= New rhetoric =

New rhetoric is an interdisciplinary field approaching for the broadening of classical rhetorical canon.

==Overview==
"New" rhetoric is the name for various efforts to reclaim the study and teaching of rhetoric from the unsavory reputation it developed from association with "political lies, corporate spin ... purple prose, boiler-plate arrangement schemas, unimaginative reproductions of bullshit and so on." The New Rhetoricians hoped to place rhetoric once again as a scholarly discipline at least to the level of other contemporary fields in social, cultural and linguistic studies.

The field is often dated to Chaïm Perelman's and Lucie Olbrechts-Tyteca's The New Rhetoric (1969) but both the notion and the idea for the need of "new" rhetoric, different from the "old" one, can be traced to the works of Kenneth Burke - A Rhetoric of Motives (1950) and Rhetoric - Old and New (1967).

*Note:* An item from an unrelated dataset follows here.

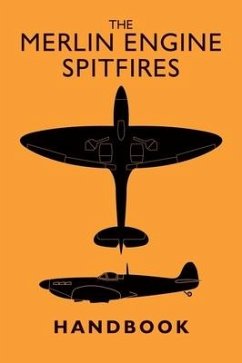The Merlin Engine Spitfires Handbook - Notes, . Pilots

The emergence of New Rhetoric was helped by the idea that rhetoric could be epistemic. An attempt to apply New Rhetoric as a social philosophy was made by the Polish philosopher Mieczysław Maneli in his 1994 book Perelman's New Rhetoric as Philosophy and Methodology for the Next Century. Maneli wrote: "The New Rhetoric is modern humanism. The struggle for humanism never ends. The most essential features to a humanistic approach to life are: individuals should be given the chance to develop their personal talents and energies, they should be able to be creative and become happy...Their essence and value are creativity and self-determination...Once new rhetoric took as its basic proposition that nothing is absolutely good or sacred except human dignity, one must constantly search for new values, for better forms, and ways of life. There are three specific areas that is especially important for modern humanism: social and individual justice, freedom from oppression with a genuine opportunity for a decent life; and tolerance and privacy."

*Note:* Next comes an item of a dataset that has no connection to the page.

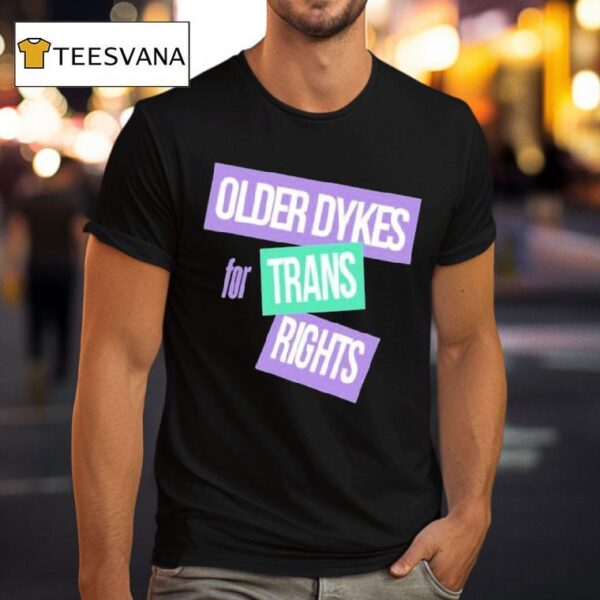 Older Dykes For Trans Rights T Shirt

New Rhetoric has an ambivalent relationship with Classical Rhetoric. For example, New Rhetoric attempts to break with the formalistic and logocentric (i.e. patriarchal) Neo-Aristotelian analysis in favour of interplay between text and context, but according to DeGenaro it does not successfully place itself outside the "Western-patriarchal" tradition, as it is unable to depart from "elite backgrounds and scopes of study" to a diversity of voices, topics, etc. This probably makes new rhetoric rather a ground for postmodern rhetoric which "puts into question the identities of the speaker, the audience, and the messages that pass between them" with evaluating the intersubjective philosophy because of the idea inherently accepted in postmodernistic philosophy that "differences cannot be overcome, in Hegelian fashion, by cancelling them under a higher-order synthesis, but must be eroded or defaced in the course of traversing them".